On June 5, 2009, I did a piece titled "My Most Hated Opponents -- Non-Players Edition," a companion piece to an earlier list of players.
Without getting into the reasons, here are Numbers 10 through 2:
10. Bobby Valentine, New York Mets.
9. Earl Weaver, Baltimore Orioles.
8. Bobby Cox, Toronto Blue Jays and Atlanta Braves.
7. Bobby Clarke, Philadelphia Flyers.
6. Dual entry: Jim Calhoun and Geno Auriemma, University of Connecticut basketball.
5. Jimmy Johnson, Dallas Cowboys.
4. Tom Landry, Dallas Cowboys.
3. Pat Riley, New York Knicks and Miami Heat.
2. Davey Johnson, New York Mets and Baltimore Orioles.
Number 1 surprised some people: Joe Paterno. I chose him for several reasons:
* Running up the score.
* Poaching recruits from other teams' areas. (New Jersey players from Rutgers, New York players from Syracuse, New England players from Boston College, etc.)
* Covering up misdeeds of his players, all the while telling us, and having a JoePa-worshipping media tell us, that he ran a "clean program."

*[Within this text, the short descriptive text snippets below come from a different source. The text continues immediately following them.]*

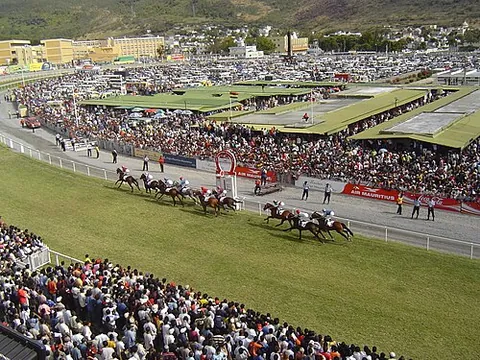 backstretch: synonym of back straight (“straight part of a racetrack, running track, etc., opposite the...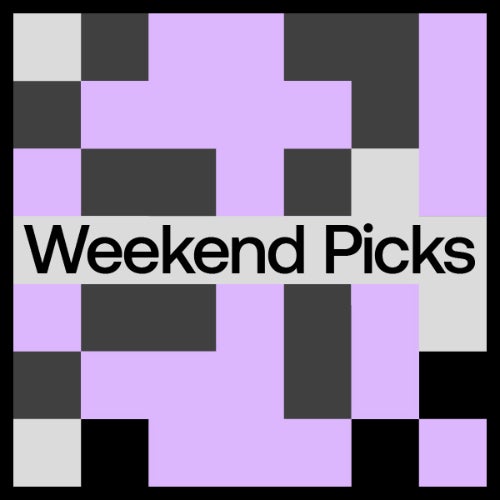 Weekend Picks 7 Melodic House & Techno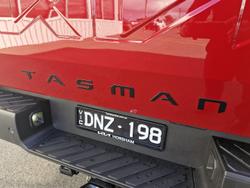 2025 Kia
Tasman X-Line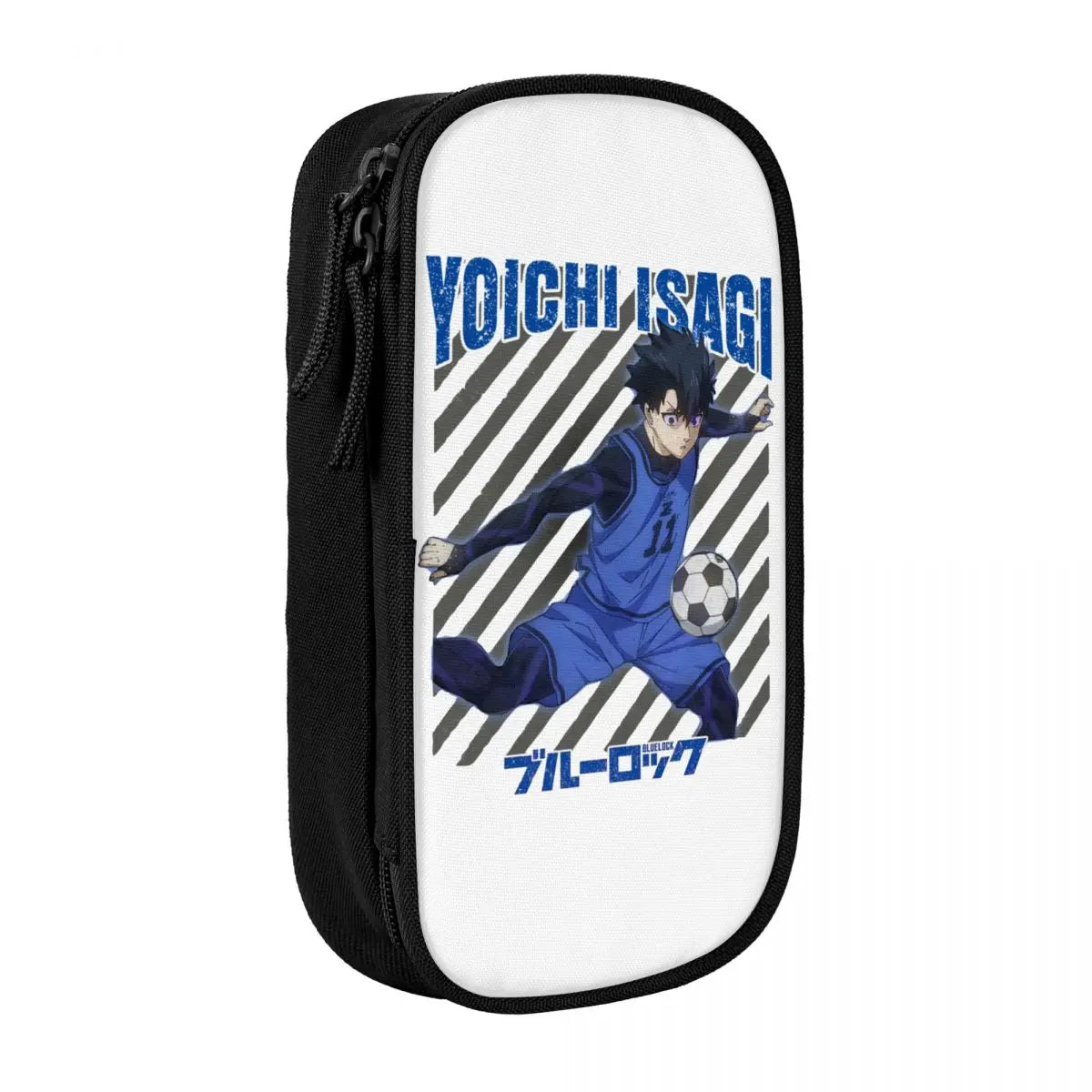 Estojo Cute Blue Lock - Yoichi Isagi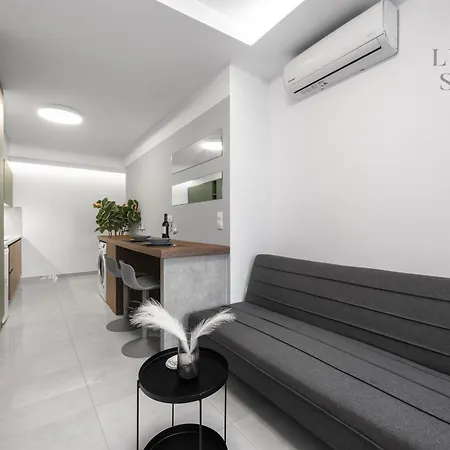 Apartman Velora Apartments, The Luxury Szaloniki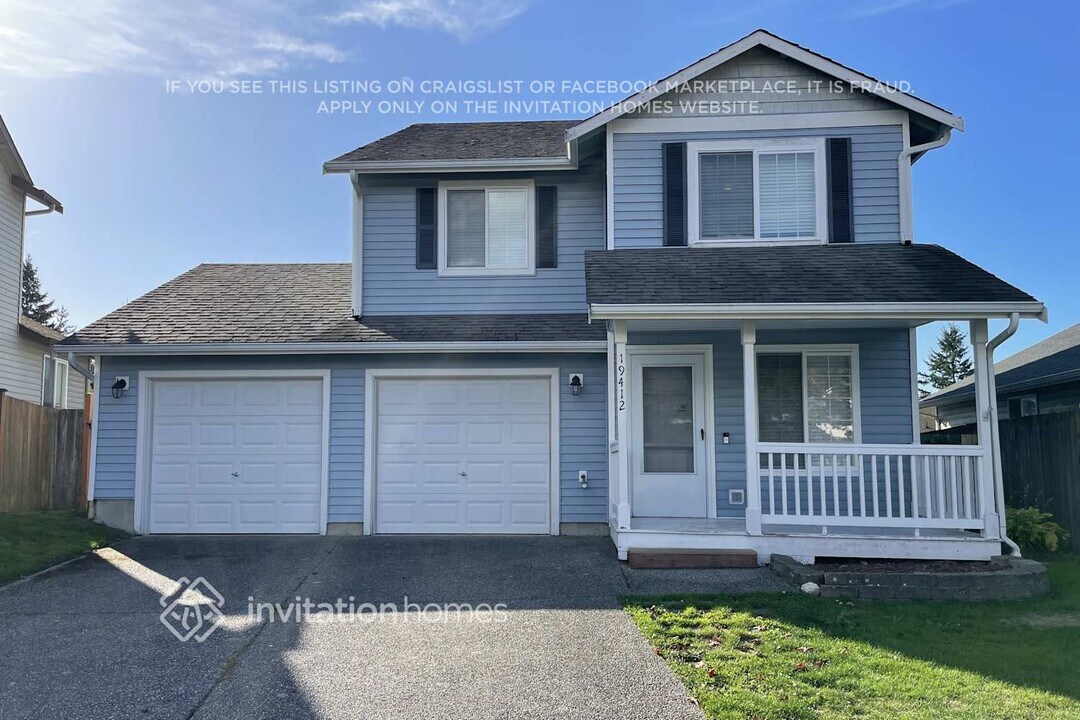 19412 Valley View Dr in Arlington, WA - Building Photo
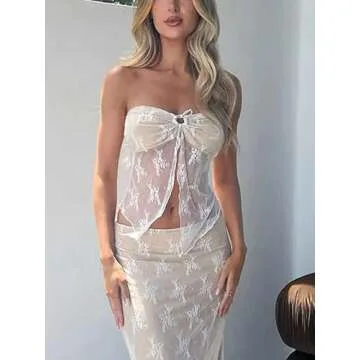 Stylish Women Lace Corset Tank Top for All Occasions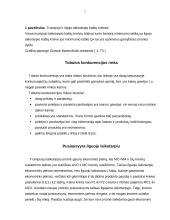 Firmos ilgu laikotarpiu negaunančios ekonominio pelno 6 puslapis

You'd think I'd shot Mickey Mouse. The reactions ranged from...
"Not running up the score is what many believe cost us a chance at the National Championship in 94. I can honestly say he doesn't do it."
"Great. A 40 yo accountant who can't find a woman sounds off on a great American like Joepa!"
Putting aside the subject of my lovelife -- and, by the way, finding a woman is easy, finding a good one is hard, and keeping her is even harder...
A great American. Really.
"LOL Joe recruits ethically and gives kids a genuine chance to start life with a good head start." (same guy as the last one)
A good head start for those kids? Kids?
I don’t care what Penn State fans think of me. But don’t be blinded by the legend of Joe Paterno. He’s like Wyatt Earp: The hero’s story has been told for so long, it’s hard to accept that the truth reveals something less than a hero.
So, as you can see, I was willing to stand up and call Paterno out long ago.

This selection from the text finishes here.